Other than this, the Supreme Court questioned whether a convict should be granted the license to practice law, after Malhotra apprised the bench of his client’s rehabilitation efforts in jail, and post-conviction legal practice in an effort to drive home the point that the objective of punishment was not to wreak vengeance, but to reform and rehabilitate the criminal. The bench also rejected the ‘judicial propriety’ argument of the respondents asking it to ‘not sit in judgment over a coordinate bench’s ruling’, categorically stating that its 2022 judgment holding Gujarat government as the competent government to deal with the convicts’ application for premature release would not bar a judicial review of the remission orders now.

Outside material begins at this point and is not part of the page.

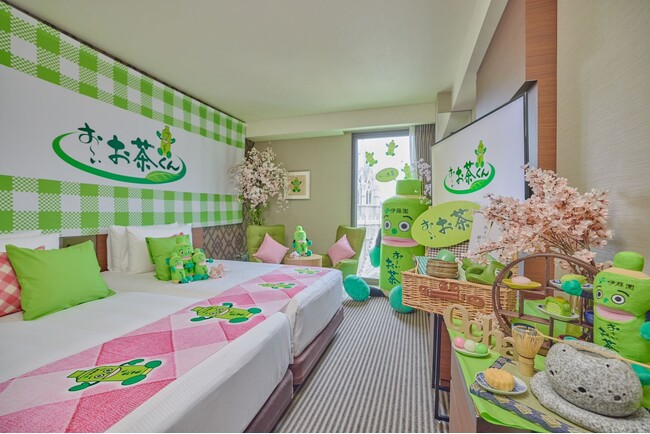 世界初！伊藤園「お～いお茶」とのコラボレーションルームが期間限定登場！「お～いお茶くん」に“ほっと”癒される、春の非日常ステイ『「お～いお茶くん」デコレーションルーム』販売開始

Emphasing the tenet of reformation underpinning our criminal justice system, Mathur argued that remission was earned, and not granted as a matter of ‘charity’. Chitambaresh, representing another convict, argued that remission orders can only be challenged in high courts, not the Supreme Court, contrasting the scope of Article 226 with that of Article 32. Another lawyer challenged the Supreme Court’s authority to overturn the remission order on the grounds that “a fundamental right cannot be invoked against another fundamental right”. He emphasized that once remission is granted by the competent authority following relevant policies, the right to life and liberty accrued in favour of the convicts. He stressed the importance of safeguarding the rights of both victims and convicts, especially in view of the convicts completing 15 years of their sentences. Accordingly, he strongly insisted that once remission is granted in accordance with the applicable rules and procedures, the order should not be disrupted.
Background
On 3 March 2002, Bano, who was 21 years old and five months pregnant, was gang-raped in the Dahod district of Gujarat during the post-Godhra communal riots. Seven of her family members, including her three-year-old daughter were also killed by rioters. In 2008, after the trial was transferred to Maharashtra, a sessions court in Mumbai convicted the accused under Sections 302, and 376(2)(e)(g) read with Section 149 of the Indian Penal Code, 1860 and handed them a life sentence. In May 2017, a Bombay High Court bench headed by Justice VK Tahilramani upheld the conviction and life imprisonment of the 11 convicts. Two years later, the Supreme Court of India also directed the Gujarat government to pay Rs 50 lakhs as compensation to Bano as well as provide her with a government job and a house.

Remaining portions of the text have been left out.